By May 21, six weeks into the genocide, incredibly, U.S. officials were still debating whether they should call the carnage a “genocide” despite the open and notorious fact that tens of thousands of Rwandans were being slaughtered. In a May 21 “Action Memorandum” sent to Secretary of State Warren Christopher the question presented was “Has Genocide Occurred in Rwanda?” under the heading “Issue for Decision”, the Memorandum formulated the policy question as follows:

Whether (1) to authorize Department officials to state publicly that “acts of genocide have occurred” in Rwanda and (2) to authorize U.S. delegations to international meetings to agree to resolutions and other instruments that refer to “acts of genocide” in Rwanda, state that “genocide had occurred.

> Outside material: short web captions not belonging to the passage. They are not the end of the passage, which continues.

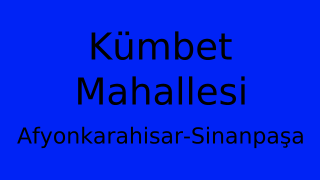 Kümbet Mahallesi Thumbnail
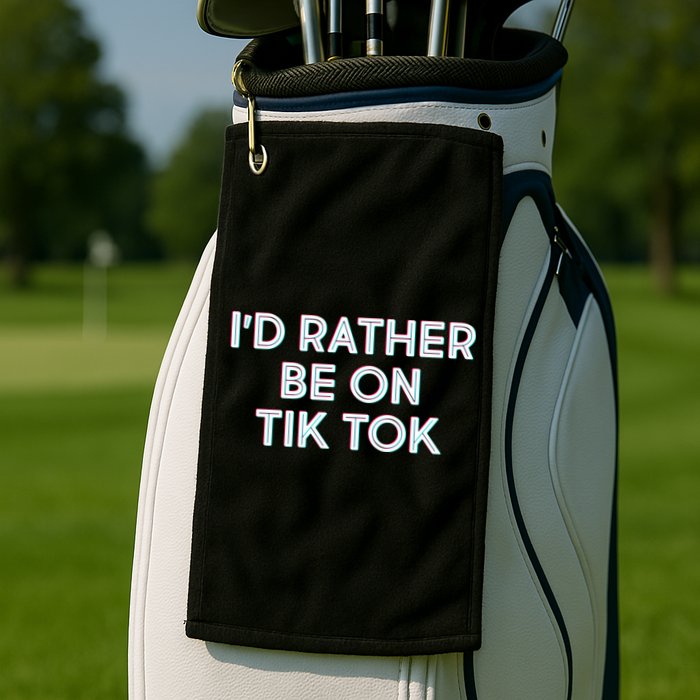 I'd Rather Be On Tik Tok Golf Towel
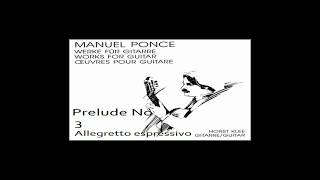 Manuel Ponce  24 Preludes No 3  Horst Klee Guitar [upl. by Sonni]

Of course, there was no question genocide was taking place in Rwanda. The Legal Analysis drafted on May 16, five days preceding the “Action Memorandum”, left no doubt about the occurrence of genocide. After citing the 1948 Convention on the Prevention and Punishment of the Crime of Genocide, to which the U.S. is a party, the Legal Analysis concluded:

The Existence of Genocide in Rwanda

There can be little question that the specific listed acts have taken place in Rwanda. There have been numerous acts of killing and causing serious bodily or mental harm to persons. As INR [Bureau of Intelligence and Research] notes, international humanitarian organizations estimate the killings since April 6 have claimed from 200,000 to 500,000 lives. (INR also notes that this upper figure maybe exaggerated, but that is not critical to the analysis.).

[The UN estimated the number killed in Rwanda in less than 100 beginning on April 6, 1994 as 800,000; the Rwandan Government estimated 1,071,000 were killed in the genocide.]

Despite public protestations of ignorance of the Rwandan genocide, rivers of crocodile tears of not having done  something to prevent it and moral expiations about Clinton’s “worst mistake of my presidency”, Rice, Lake, Christopher and others high in the Clinton Administration knew beyond a shadow of doubt that genocide was in the planning or underway from the day Habarymana was assassinated.

Rice, Kagame,  Museveni, M23 and “Looking the Other Way”

In 1996, two years after the end of the genocide, on the pretext of pursuing Hutu insurgents and militia who were responsible for the Rwandan genocide and to prevent their incursions into Rwanda from bases in the Congo (at the time Zaire), Kagame began arming ethnic Tutsis  in the eastern part of that country. He also sent Rwandan troops to support them. The so-called Congo Wars were underway and continue to rage to the present day resulting in millions of lost lives.

The First Congo War lasted from November 1996 to May 1997. Congolese rebel leader Laurent-Désiré Kabila overthrew long ruling dictator Mobutu Sésé Seko. The Rwandan-created destabilization in eastern Congo was the decisive factor in the fall of Mobutu’s regime. Kabila seized power in May 1997 and was assassinated by one of his bodyguards in January 2001. In March 2012, former Kagame right hand man and secretary general of the RPF, Theogene Rudasingwa made the shocking revelation that “it’s Paul Kagame who assassinated the Congolese President, Laurent Desire Kabila;  Kagame is the murderer of the Congolese President Kabila.” The Second Congo War began shortly after Kabila took power and continued until 2003. Eight African countries and dozens of armed groups were involved in the conflict.

The government of the Democratic Republic of the CongoIn March 2009, the government of the Democratic Republic of the Congo (DRC) signed a peace accord with National Congress for the Defence of the People (CNDP) (an armed militia established by Laurent Nkunda in the eastern  Kivu region of the Democratic Republic of the Congo in December 2006) making the CNDP a political party. In April 2012, several hundred ethnic Tutsi members of the CNDP  turned against the DRC government over alleged lack of implementation of the March 2009 Accords and formed the M23 Movement [a/k/a Mouvement du 23-Mars] under the leadership of the notorious war criminal General Bosco Ntaganda, (a/k/a “The Terminator”). Ntaganda was initially indicted by the International Criminal Court on August 22, 2006 for recruiting child soldiers and committing atrocities. He was indicted by the ICC for the second time on July 13, 2012 on three counts of crimes against humanity and four counts of war crimes including murder, rape, attacks on civilians and slavery. Thomas Lubanga Dyilo, Ntaganda’s boss and co-defendant, was  the first person ever convicted by the International Criminal Court in July 2012. Last month, Ntaganda’s M23 rebels took control of Goma, a provincial capital with a population of one million people causing some 140,000 people to flee their homes. They were “persuaded” to leave mineral-rich Goma in early December under international pressure although they presumably rejected similar calls by Kagame and Museveni.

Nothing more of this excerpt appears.